#### What is expected:
Pull every "foto" line out of the data below.
[Input material Boundary: Start]
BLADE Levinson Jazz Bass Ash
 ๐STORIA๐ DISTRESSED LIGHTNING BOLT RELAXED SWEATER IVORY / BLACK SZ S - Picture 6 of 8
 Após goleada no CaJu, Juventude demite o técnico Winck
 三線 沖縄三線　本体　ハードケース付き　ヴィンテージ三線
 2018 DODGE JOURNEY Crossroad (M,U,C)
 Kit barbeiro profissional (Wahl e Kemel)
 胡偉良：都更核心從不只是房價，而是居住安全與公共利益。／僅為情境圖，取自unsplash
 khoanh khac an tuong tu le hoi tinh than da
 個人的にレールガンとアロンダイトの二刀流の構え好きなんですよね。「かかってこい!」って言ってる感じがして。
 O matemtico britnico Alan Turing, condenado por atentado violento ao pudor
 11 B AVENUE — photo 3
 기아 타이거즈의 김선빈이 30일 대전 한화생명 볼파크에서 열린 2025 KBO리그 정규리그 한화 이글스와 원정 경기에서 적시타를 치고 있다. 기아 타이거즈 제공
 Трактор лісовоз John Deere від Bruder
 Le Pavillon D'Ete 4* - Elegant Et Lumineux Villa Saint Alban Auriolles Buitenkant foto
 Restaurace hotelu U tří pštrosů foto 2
[Input material Boundary: End]
#### Response:
 Le Pavillon D'Ete 4* - Elegant Et Lumineux Villa Saint Alban Auriolles Buitenkant foto
 Restaurace hotelu U tří pštrosů foto 2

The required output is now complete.